%%
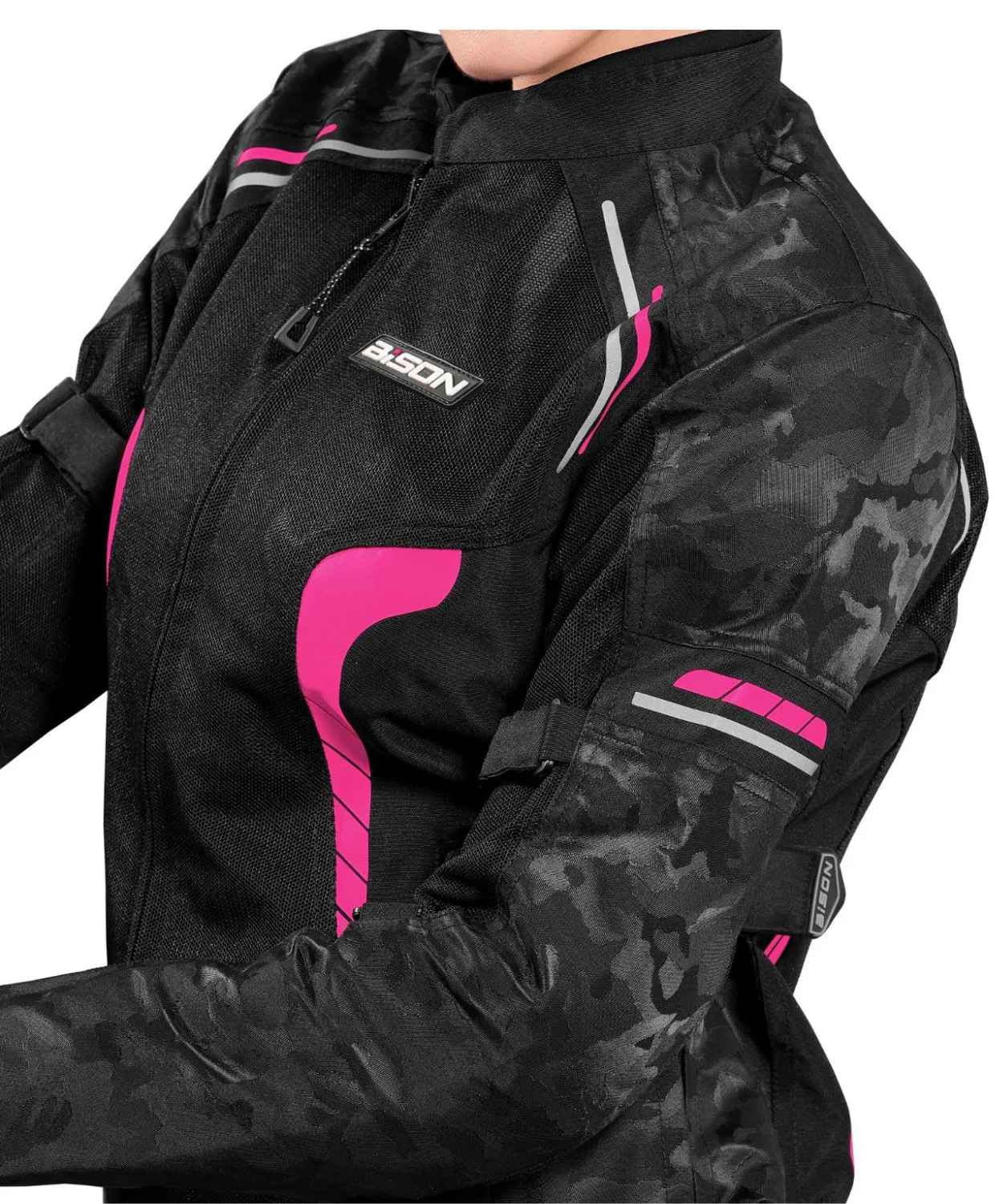 Bison ProGear Phoenix Women Riding Jacket - Hi-Viz Pink - Image 6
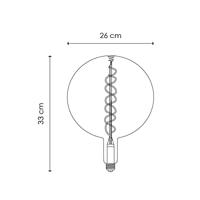 Edison Vintage LED filament lichtbron Spiraal - Rook - G260 Global - Retro LED lamp - 26/26/33cm - geschikt voor E27 fitting - Dimbaar - 6W 180lm 1800K - warm wit licht - thumbnail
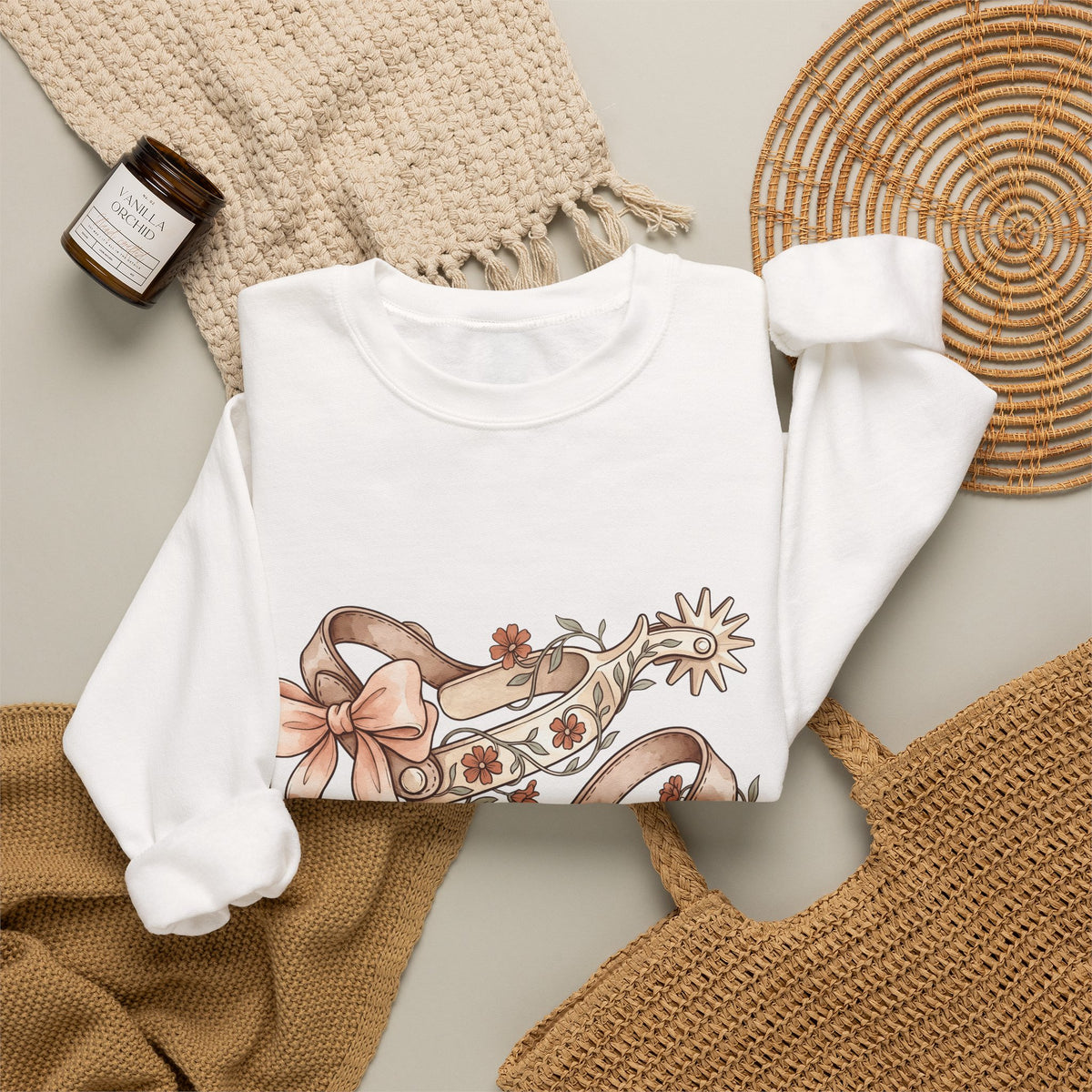Rodeo Spurs Sweatshirt Cowgirl Cowboy Gift Women Tribal Sweatshirt Spur Sweatshirt Cowgirl Fan Rodeo Graphic Cowhand Graphic Farmhouse Blossom Sweatshirt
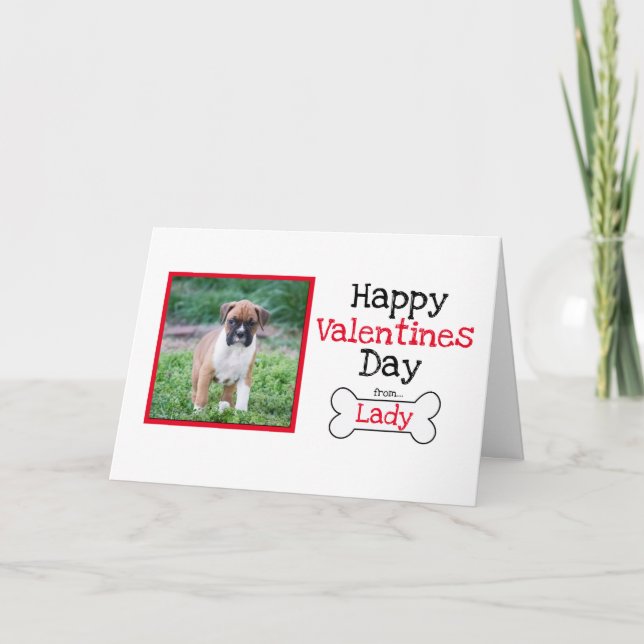 Hinzufügen von Foto-Personalisiert-Hunde-Valentine Dankeskarte (Vorderseite)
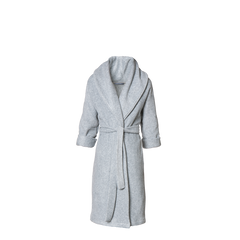 Karmameju Fleece Bathrobe, MOUNT FUJI, Light Grey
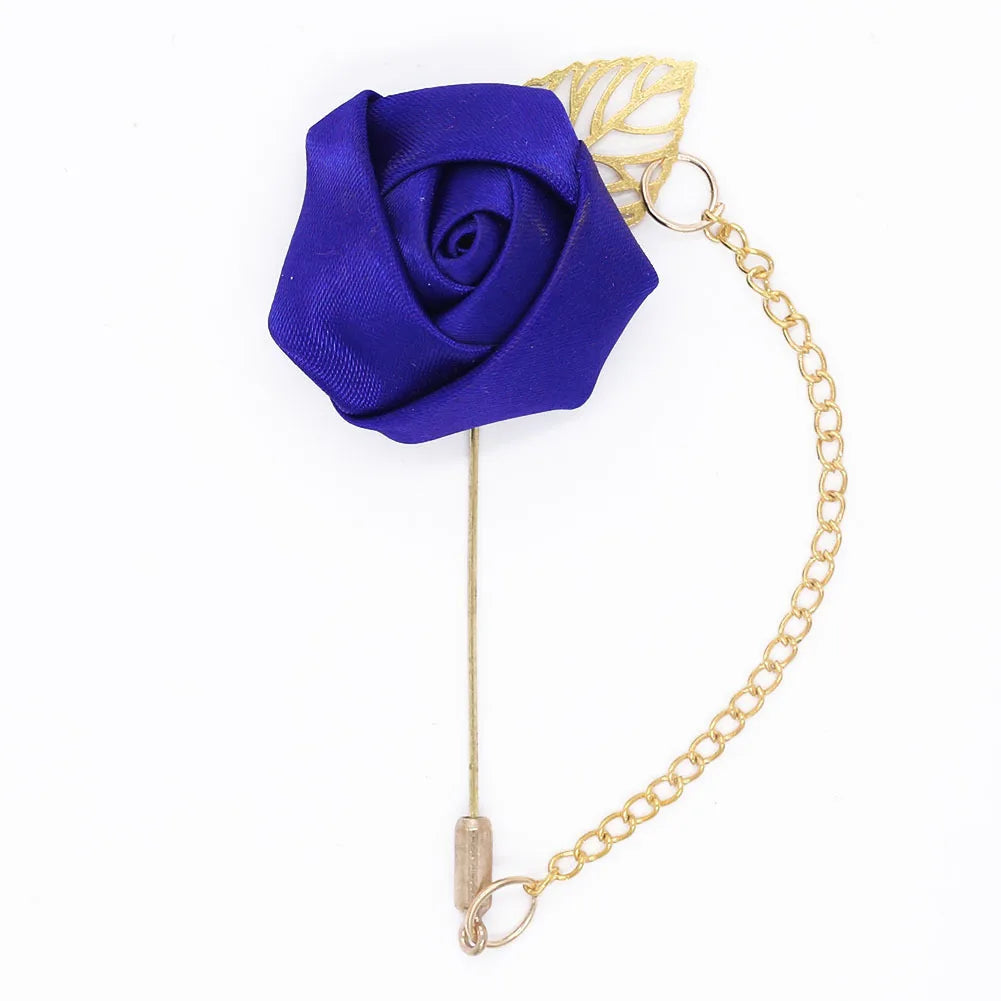 Burgundy Boutonnieres Wedding Accessories Groom Corsage Lapel Pins Ribbon Rose Flower Women Buttonhole Brooch Mariage Prom Decor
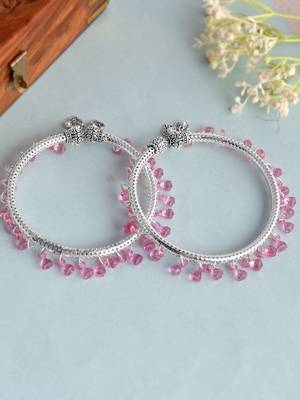 Pink beads drop kada anklet 1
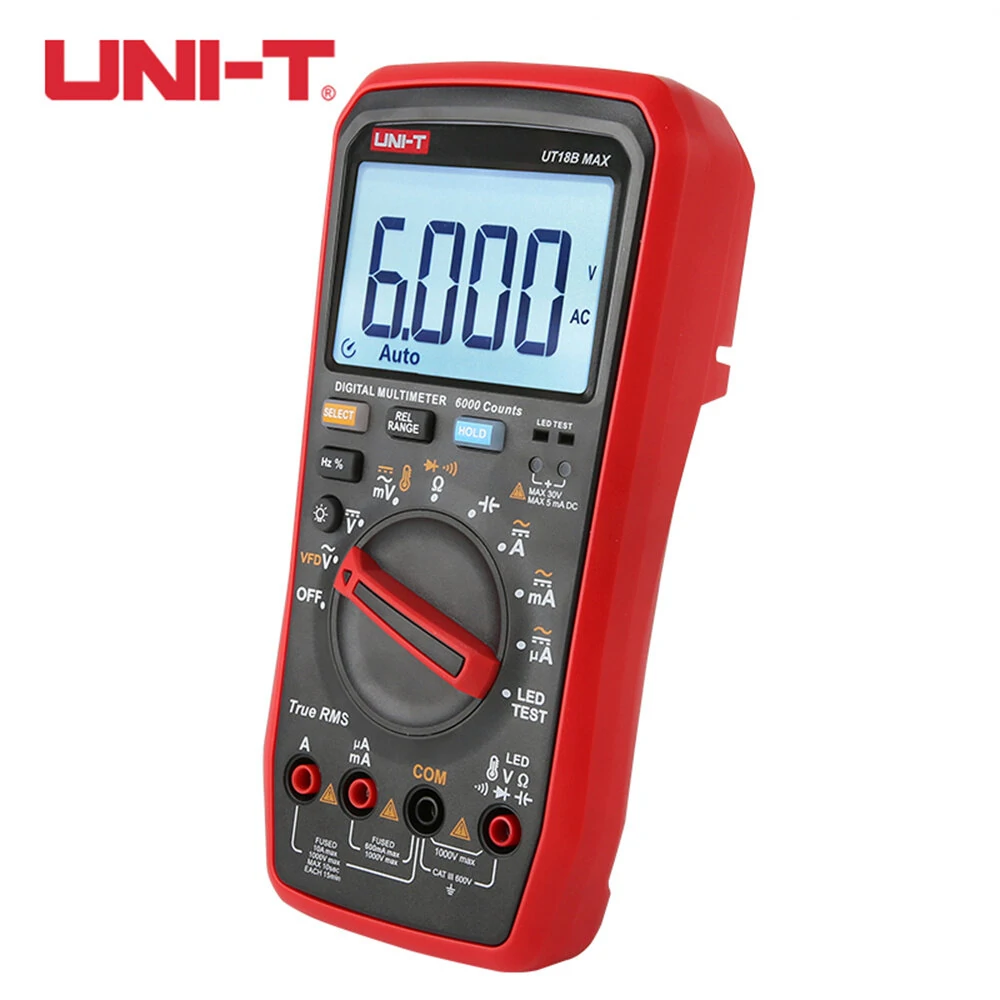 UNI-T UT18B MAX True RMS Digital Multimeter | Auto-Range Voltmeter Ammeter - Image 2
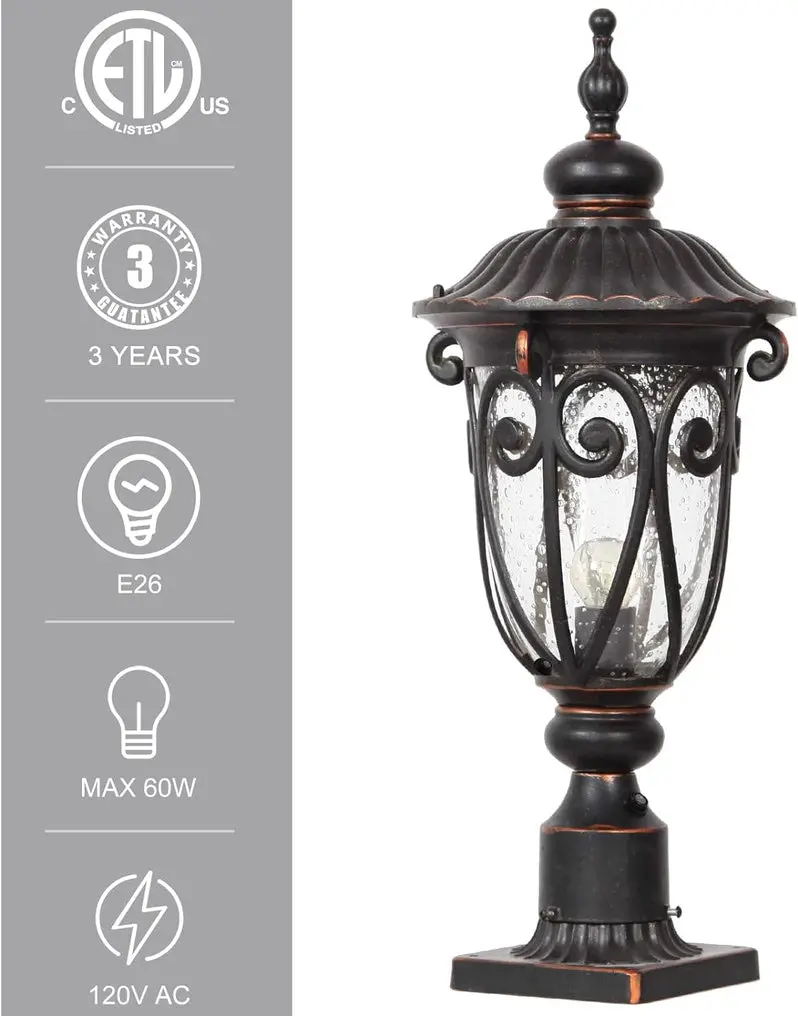 Vintage-Style Aluminum Outdoor Wall Sconce – 23-Inch Exterior Lantern with Seeded Glass Shade, Pack of 2 (Bronze Finish)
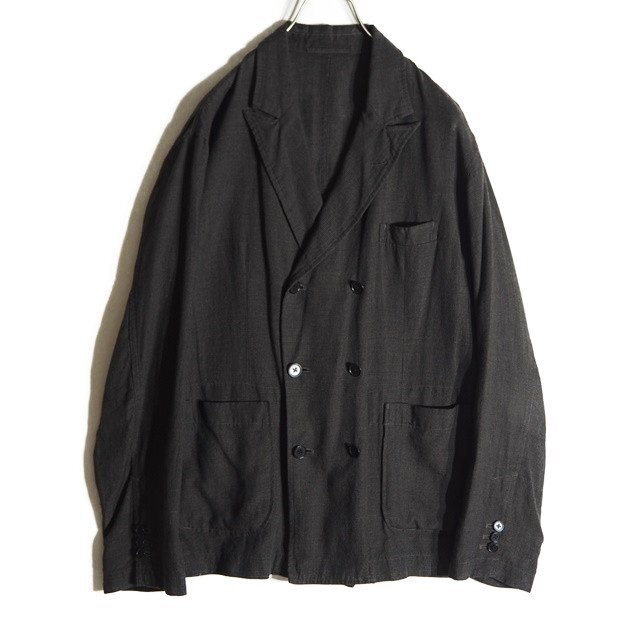 P1630f45 ■District UNITED ARROWS ディストリクト■ リネン ウール ダブルブレスト テーラードジャケット ブラウン チェック 46 春夏拍卖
%%
Copy nothing but the lines from the line that contains "Pink beads drop kada anklet 1" through the end of the listing, exactly, and keep pictures out of it.

## RESPONSE BELOW
 Pink beads drop kada anklet 1
 UNI-T UT18B MAX True RMS Digital Multimeter | Auto-Range Voltmeter Ammeter - Image 2
 Vintage-Style Aluminum Outdoor Wall Sconce – 23-Inch Exterior Lantern with Seeded Glass Shade, Pack of 2 (Bronze Finish)
 P1630f45 ■District UNITED ARROWS ディストリクト■ リネン ウール ダブルブレスト テーラードジャケット ブラウン チェック 46 春夏拍卖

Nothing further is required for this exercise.